Paid advertisements promoting child sexual abuse material, or CSAM, were found on Instagram in India, exposing a serious gap in Meta’s advertising review system. The ads reportedly directed users to suspicious Telegram channels and offered illegal material from USD 1.
The findings came from a BBC investigation and involved advertisements using search terms that explicitly referred to children and sexual violence. The case drew attention because paid advertising is expected to undergo review before and after it is shown to users.
Meta Acknowledges Limits in Review Systems
After being contacted by the BBC, Meta said it had disabled accounts connected to policy violations. The company also said it continues to use proactive detection technology on advertisements that have already gone live.
A Meta spokesperson acknowledged that the company’s review process cannot detect every violation. “No system is perfect, and our review processes may not catch every policy violation,” the spokesperson told the BBC.
The admission places renewed scrutiny on the safeguards used for paid content. Unlike ordinary user posts, advertisements pass through a commercial system designed to assess material before it reaches an audience.
| Platform | Action or finding | Details |
|---|---|---|
| Meta | Disabled related accounts | Said proactive detection is used on live advertisements |
| Telegram | Removed CSAM-related groups and channels | More than 274,000 were removed during 2026 |
India Seeks a Detailed Response
India’s Ministry of Electronics and Information Technology asked Meta to stop all advertisements and content promoting CSAM. The company was given until July 11 to submit a detailed explanation, according to DD News.
The request reflects concern that illegal material can still be promoted through paid placements on large digital platforms. India has recorded 1.9 million reports of child abuse material through its official reporting channel, placing it second behind the United States in the number of reports.

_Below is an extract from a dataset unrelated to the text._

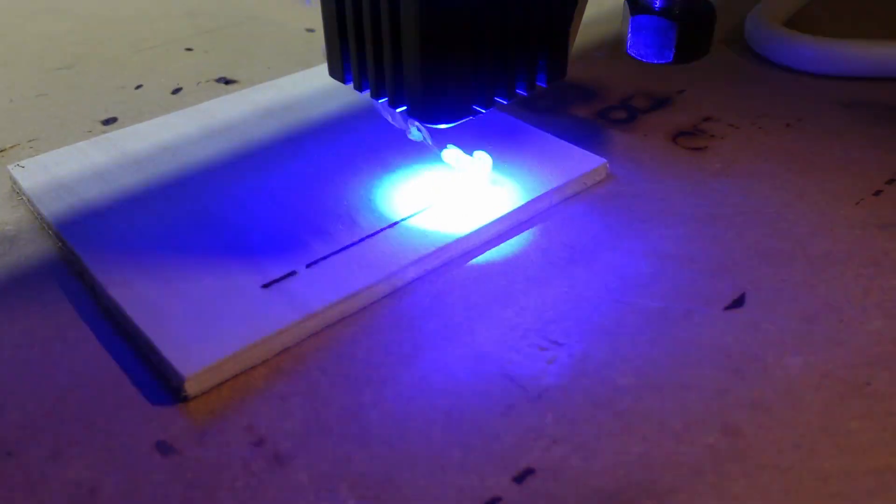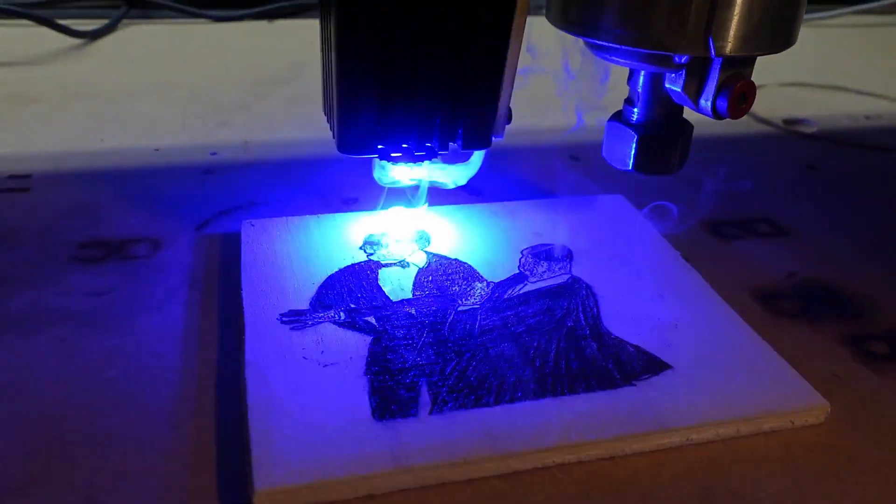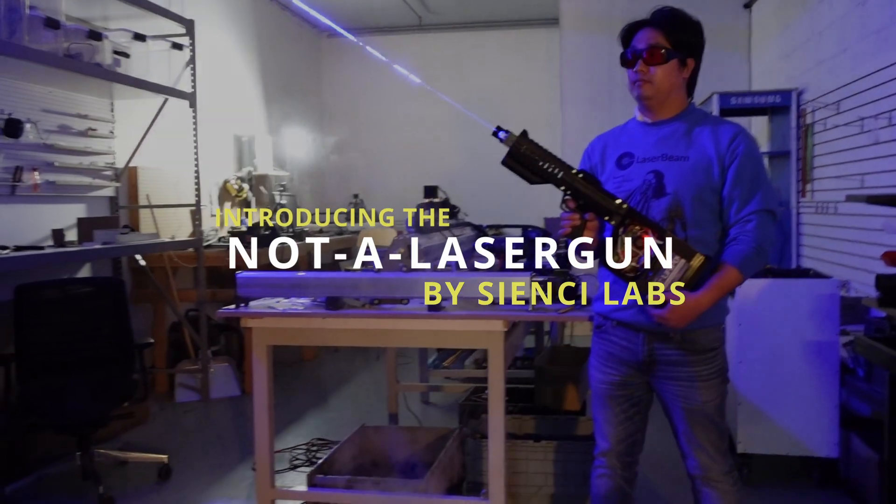Are you tired of only being able to cut and burn stuff with your laser when it's attached to your CNC machine? Introducing the Not A Laser Gun.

Child protection groups have warned that the reported cases do not capture the full scale of the problem. Many similar crimes may remain undetected, particularly when harmful material moves across multiple online services.
Cross-Platform Distribution Raises the Stakes
The Instagram advertisements identified in the investigation did not keep users on the platform. They directed people toward Telegram channels, illustrating how one service can be used to promote material distributed elsewhere.

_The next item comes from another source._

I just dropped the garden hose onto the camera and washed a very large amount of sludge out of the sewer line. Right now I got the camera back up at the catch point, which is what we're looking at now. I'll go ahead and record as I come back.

Telegram told the BBC that it removed more than 274,000 groups and channels connected to child sexual abuse material during 2026. The figure underscores the scale of moderation challenges when illegal networks shift between platforms.
Meta said users can also report advertisements they believe violate company rules. That reporting route is one of the ways the company says it can identify content missed during the initial review process.

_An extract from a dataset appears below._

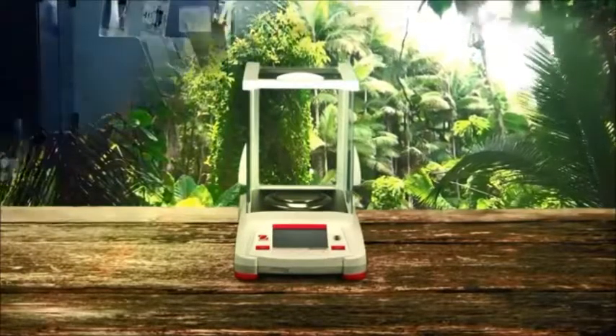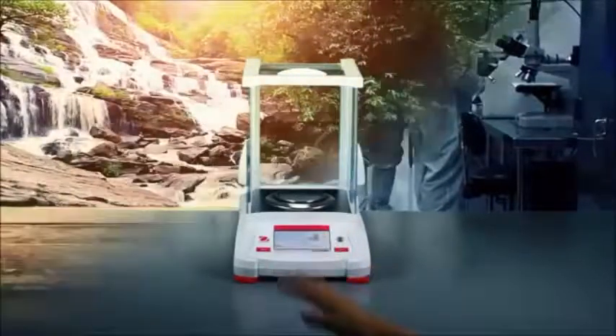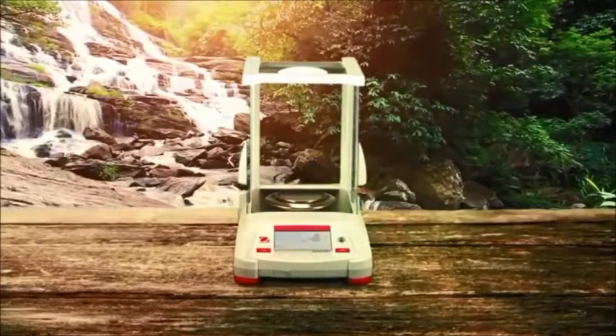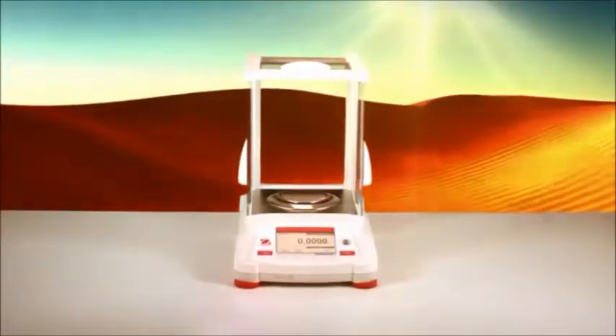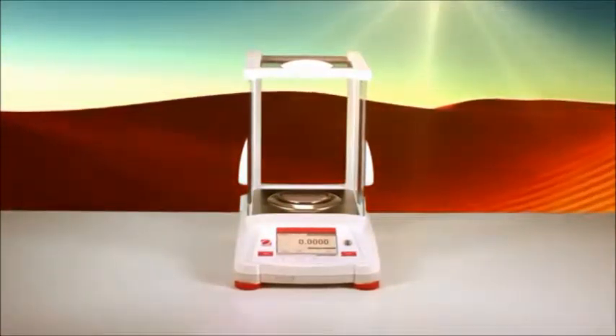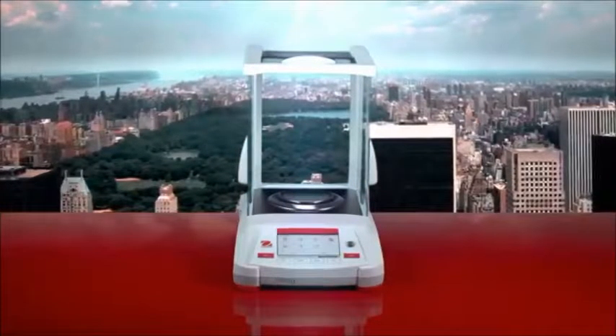It's about the journey and the destination. The all-new Ohaus Adventurer has been carefully designed to meet your needs anywhere in the world — efficiency, simplicity, and innovation all in one exceptional balance, featuring an intuitive color touchscreen.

Concerns Over Greater Use of AI
At the beginning of 2026, Meta announced plans to reduce its reliance on third-party human moderators and move toward artificial intelligence, or AI. The plan has raised concerns that automated systems may not be sufficient to address the volume and disturbing nature of severe violations.
Former Facebook Vice President Brian Boland said Instagram’s algorithm was designed to maximize profits. He said the balance between profit and user experience had increasingly become a central subject of discussion within the company.
Boland also testified in a New Mexico trial in which a jury found Meta liable for misleading users about the safety of its platforms for children. New Mexico Attorney General Raul Torrez said Meta executives knew about risks to children but ignored internal warnings and misled the public.